In case you’ve missed it, the middle-class is not faring well in this so-called recovery. Catherine Rampell writes in the New York Times:
“For the first time in over a year, median annual income fell by a statistically significant amount from the previous month, according to a report from Sentier Research.
Median annual household income in February 2013 was $51,404, about 1.1 percent (or $590) ower than the January 2013 level of $51,994.
The longer-run trends are even more depressing. February’s median household income was 5.6 percent lower than it was in June 2009, the month the recovery technically begun; 7.3 percent lower than in December 2008, when the most recent recession officially started; and 8.4 percent lower than in January 2000, the earliest date this statistical series became available.”
In short, when it comes to wages things are bad, and they’re getting worse.
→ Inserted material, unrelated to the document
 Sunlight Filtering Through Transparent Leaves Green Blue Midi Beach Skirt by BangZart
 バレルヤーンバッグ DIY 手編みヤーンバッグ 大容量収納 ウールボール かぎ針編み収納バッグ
And if the latest economic growth indicators are any sign, things may not turn around any time soon. Last Friday, the Commerce Department reported that the U.S. economy grew at a sluggish 0.4% rate, far better than the most recent estimates of 0.1% growth, but 14 times slower than the 5.6% growth seen during the Reagan years.
Given the falling wages and continually depressed state of the economy you’d think President Obama would be doing everything he could to protect average Americans. After all, he did refer to himself as a “warrior for the middle class,” who is “happy to fight for the working people” because the only class warfare he’s seen “is the battle that’s been waged against the middle class in this country for a decade.”
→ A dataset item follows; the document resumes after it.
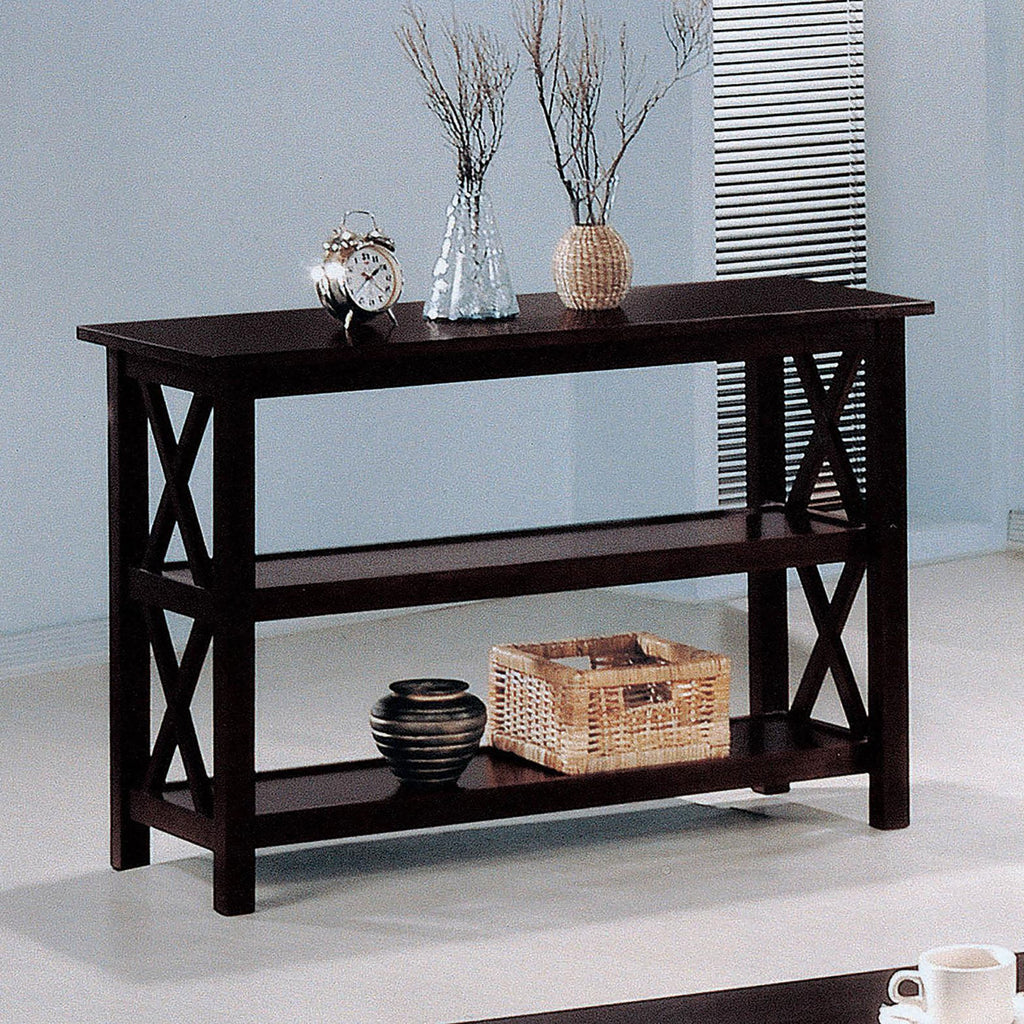 Deep Merlot Sofa Table with 2-Shelf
Well if there’s a war against the middle class, consider Obama it’s General Patton. Nearly every single one of his priorities, from Obamacare to cap-and-trade to green energy, has the effect of making things more expensive for the middle class through higher health care premiums, higher energy prices or higher taxes. And now, he’s at it again…
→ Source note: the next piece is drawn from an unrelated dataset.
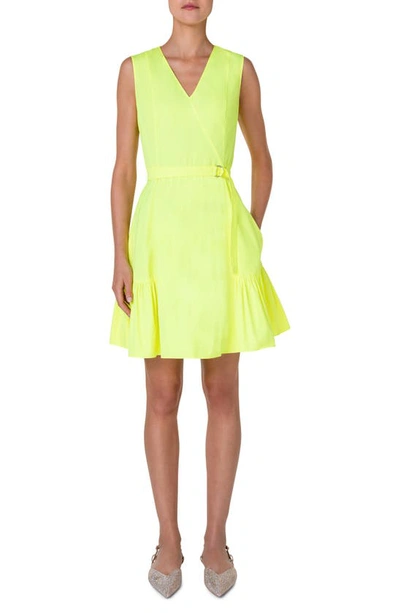 Shop Akris Punto V-neck Belt Detail Cotton Poplin Dress In Neon Yellow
The Obama administration is moving forward with tough new Environmental Protection Agency rules, that could, if industry estimates are correct, raise the price of gasoline by nearly 10 cents a gallon. That may not sound like much, but since the average gasoline price currently stands around $3.65 per gallon and is likely to go up throughout the summer, every little bit is important.
The problem isn’t this particular rule, which would reduce the amount of sulfur in gasoline from 30 parts per million to 10 (a standard which many companies are moving towards on their own), but the aggregate effect of Obama’s regulatory agenda. As Chris Stirewalt writes for Fox News:
“The frustrations with the president in his first term often stemmed from a sense that he was not focused on the economy. Economic anxiety, growing pessimism and the president’s lowered job approval ratings suggest those frustrations could be re-emerging.
. . . It is therefore not a good time to be talking about intentionally making gasoline more expensive in pursuit of long-term economic goals. The cost may not set in for three years, but the mom who just filled up her worn-out minivan (the average U.S. vehicle is now 11 years old, compared to 7 years in 2007) doesn’t want to hear it.”
Bingo. President Obama promised to pivot (for the umpteenth time) back to a focus on jobs and the economy in this year’s State of the Union. And once again, he’s completely failed. Rather that put the work in to get the economy on track he’s shifted his focus to global warming, gay marriage, amnesty for illegal immigrants and gun control – which may be important issues to his liberal donor base, but are generally well below economic growth and job creation on the wish-list of average Americans.
The problem is Obama has no answers for either of those things that don’t involve spending gobs of taxpayer money, something he has tried and failed at before. But if Obama can’t figure out how to create an environment conducive to job creation at least live by the Hippocratic mantra of ‘do no harm.’ And sadly, these new gasoline regulations don’t meet the test. Not by a longshot.